_Instructions to follow_
If a line in the records below holds the string "Chevrolet", count it; give only the total.

_Material provided_

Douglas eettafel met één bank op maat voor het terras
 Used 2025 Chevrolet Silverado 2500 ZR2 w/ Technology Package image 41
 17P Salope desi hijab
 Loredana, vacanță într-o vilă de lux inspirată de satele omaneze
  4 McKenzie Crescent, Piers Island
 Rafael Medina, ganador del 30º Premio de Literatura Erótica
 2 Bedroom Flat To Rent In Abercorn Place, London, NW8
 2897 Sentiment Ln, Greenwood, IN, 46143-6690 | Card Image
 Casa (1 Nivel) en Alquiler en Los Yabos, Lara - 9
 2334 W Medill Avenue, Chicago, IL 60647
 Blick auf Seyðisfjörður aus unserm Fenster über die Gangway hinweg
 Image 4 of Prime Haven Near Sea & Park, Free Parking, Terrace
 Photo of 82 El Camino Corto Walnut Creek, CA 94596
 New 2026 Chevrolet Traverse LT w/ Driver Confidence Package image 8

_Worked solution_
2